Just received an email from my mother. Her partner of 10+ years has been cheating on her for an ongoing period. She has ended the relationship and is now trying to figure out if she should tell the other betrayed partner. She is asking my opinion because she knows I have been living through this and have been posting and reading lots of situations like this. Also I'm not sure who else she can turn to at the moment.
Apparently the OW is 30 years younger than my mom and her former partner, has 3 young children, and this lady's husband is in a high risk industry. My mom's now XBF has been with her living and watching what I've been through with the destruction of my family as a result of my STBX's choices. Yet XBF and this deluded femail are now "in love". My mom is sick with her own pain, and even more sick knowing the destruction that may come to this family, this poor man, and these innocent and unsuspecting people.
What the heck is wrong with people? This crap almost makes me regret bringing children into this world. I hate this so much, and am so sick that it's considered ok by society. Oh, wait, no, cheating isn't ok, but divorce is, especially if there was a reason, let's go with 'emotional abuse' and 'neglect', and since she knew in her heart she was leaving then it wasn't really cheating, and since her H had problems this is all ok. I'm so disgusted this is how it works now. I know, I know, cheating has been around forever. But it's the acceptance and normalization of it that to me is just as disgusting.
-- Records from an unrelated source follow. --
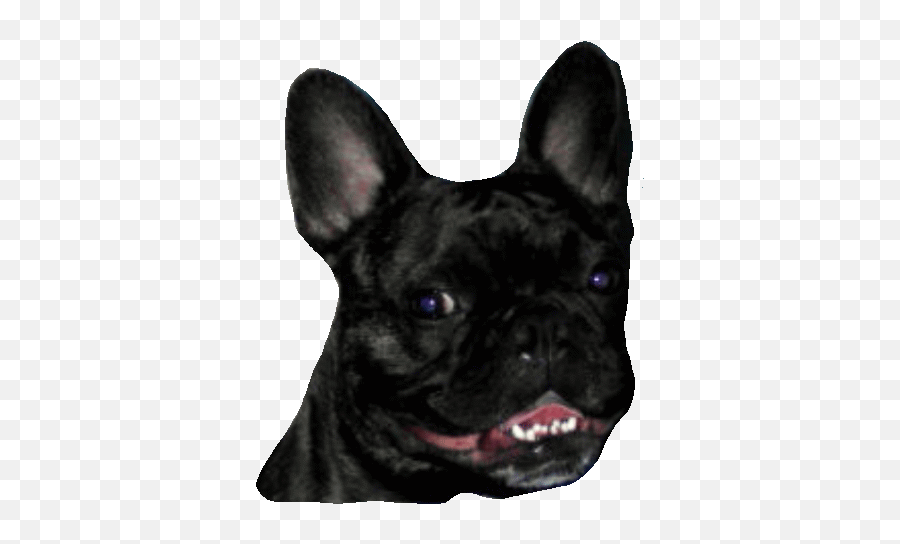 Bulldog Frances Gifs Animados - French Bulldog Emoji,Bulldog Emoticons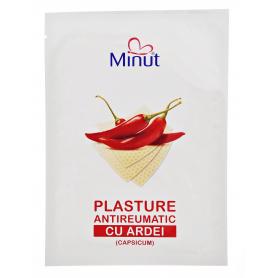 MINUT PLASTURI ANTIREUMATICI CU ARDEI 12/18CM 24BUC Helpnet.ro imagine 2022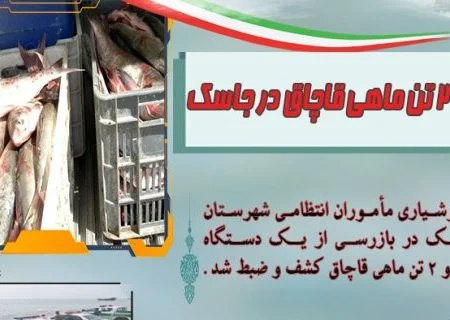 توقیف ۲ تُن ماهی قاچاق در جاسک
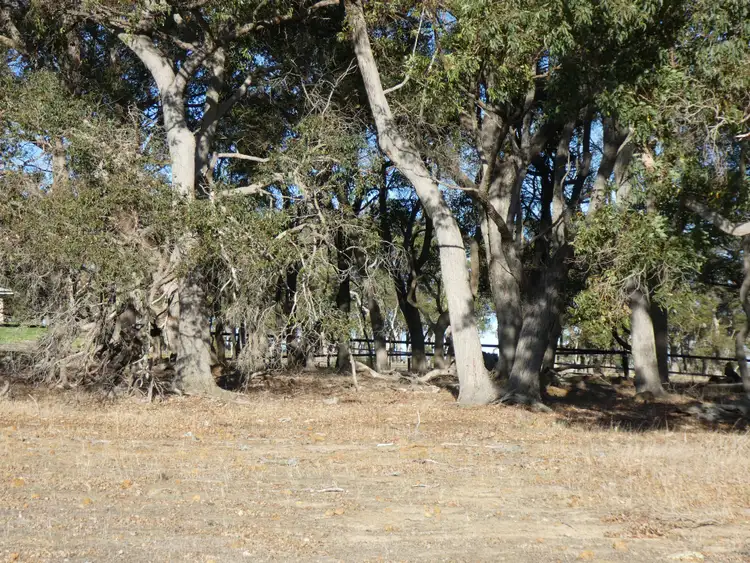 Sixth view of Homely land listing, 8/215 Porongurup Road, Mount Barker WA 6324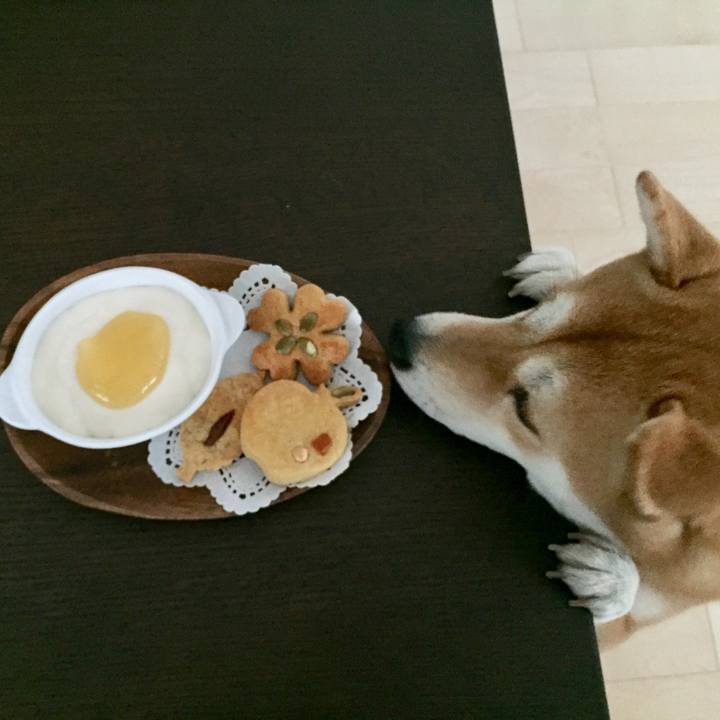 1b5855f0 9789 4013 83bb 1a93367b440c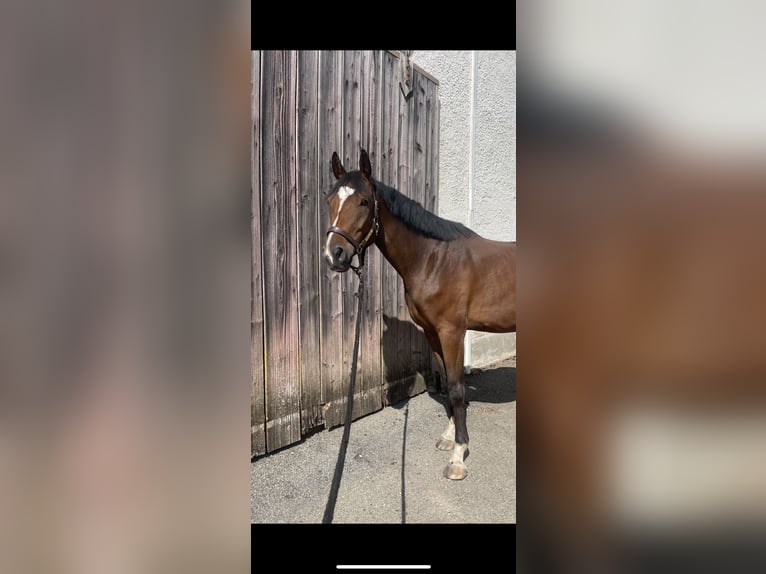 German Sport Horse Gelding 4 years 16 hh Brown in PförringPförring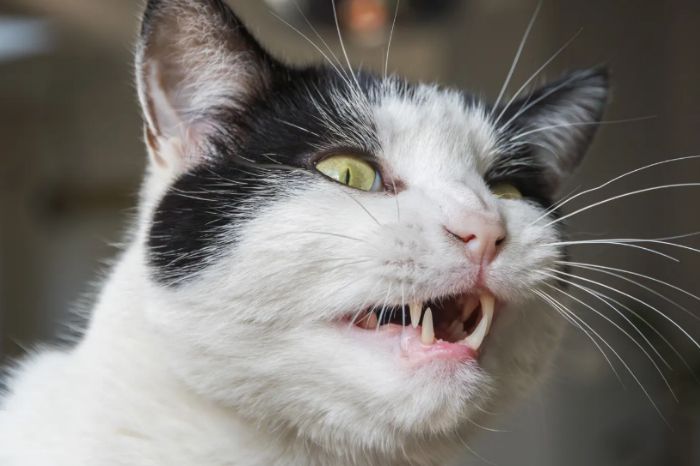 Kucing Dijadiin Mata-Mata Sama CIA Berujung Gagal, Begini Kisahnya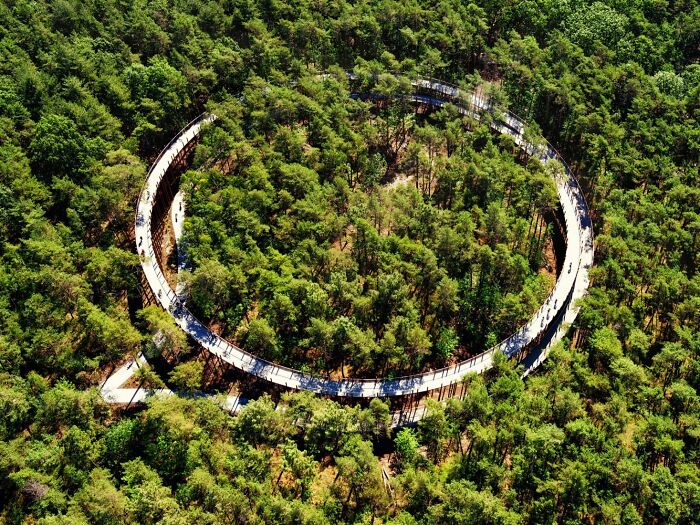 This 360-Degree Pathway In Belgium Lets You Cycle Through The Trees 32 Ft Above The Ground This 360-Degree Pathway In Belgium Lets You Cycle Through The Trees 32 Ft Above The Ground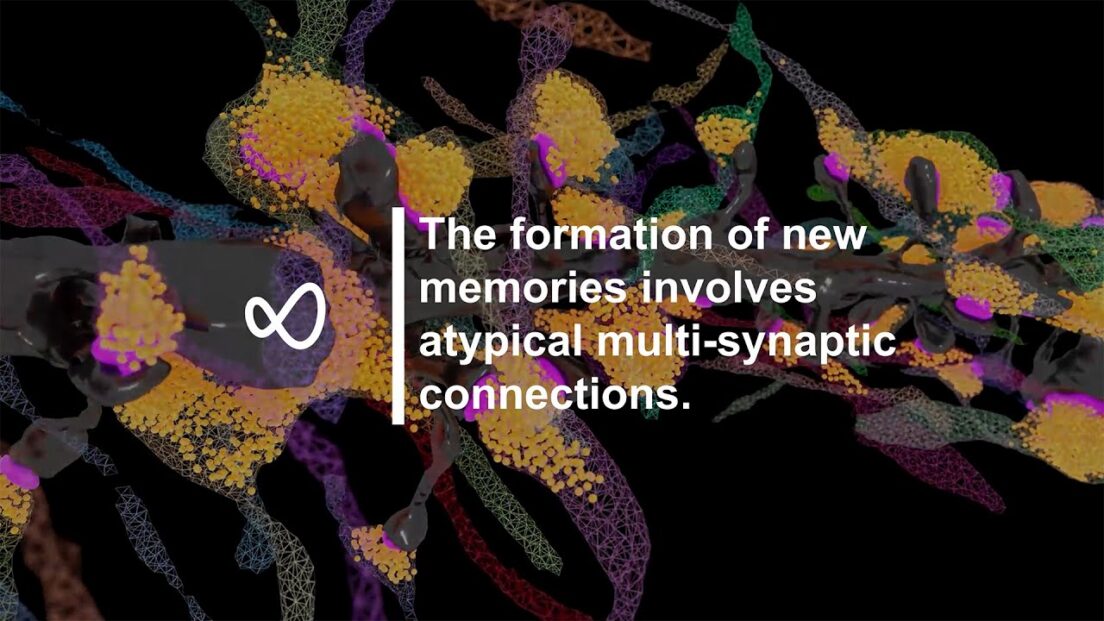 The formation of new memories involves atypical multi-synaptic connections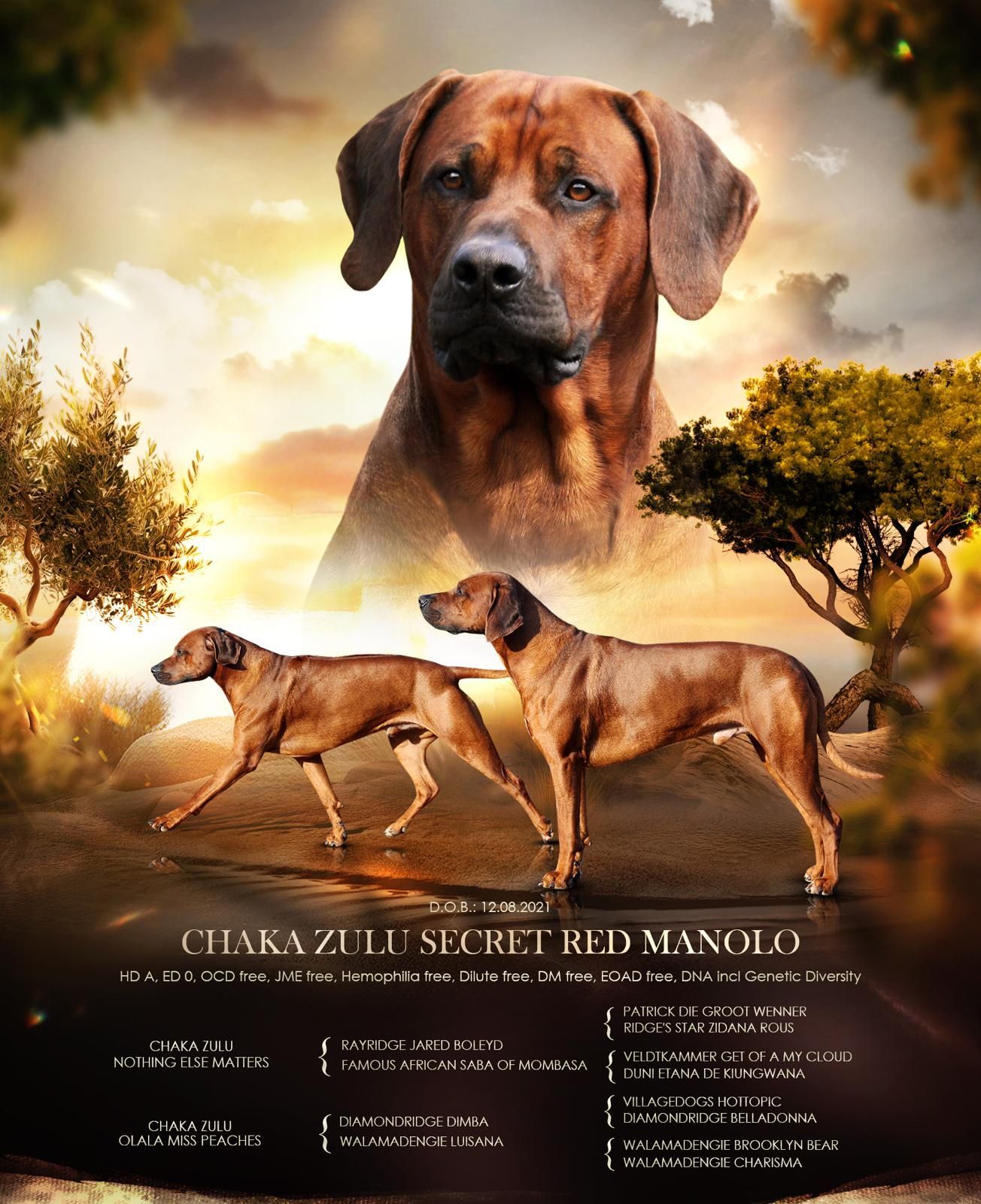 Baakir vom Kiliansberg Baakir vom Kiliansberg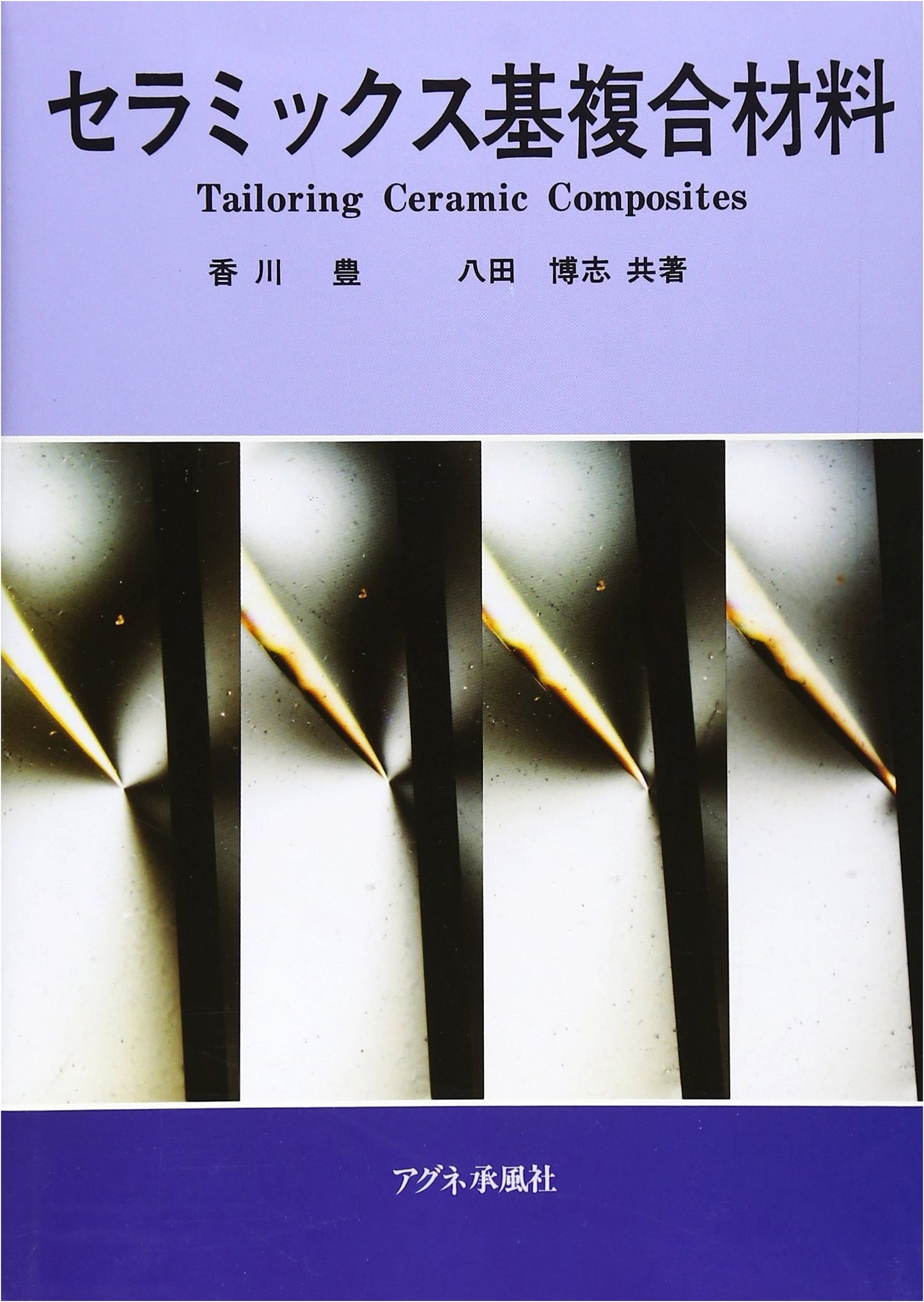 Ceramic Matrix Composites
My mom is getting to be in her old age, her reality on this planet is now that she may grow old on her own, without anyone there with her, or maybe someone she meets that's in a similar predicament and willing to hold her hand for a while. I know everyone loves their mom but she is truly a beautiful woman inside and out, has never done anything like this to anyone, and I am so upset that she would be treated this way. I am just now realizing that no one might even know anymore how wonderful she is because she's on her own. You really don't know how amazing my mother really is.
I'm all over because I've been breaking up as I type this. My head is pounding. I wish I could do something to stop the pain to someone so special to me but I'm as helpless as all of you are. It's just not right.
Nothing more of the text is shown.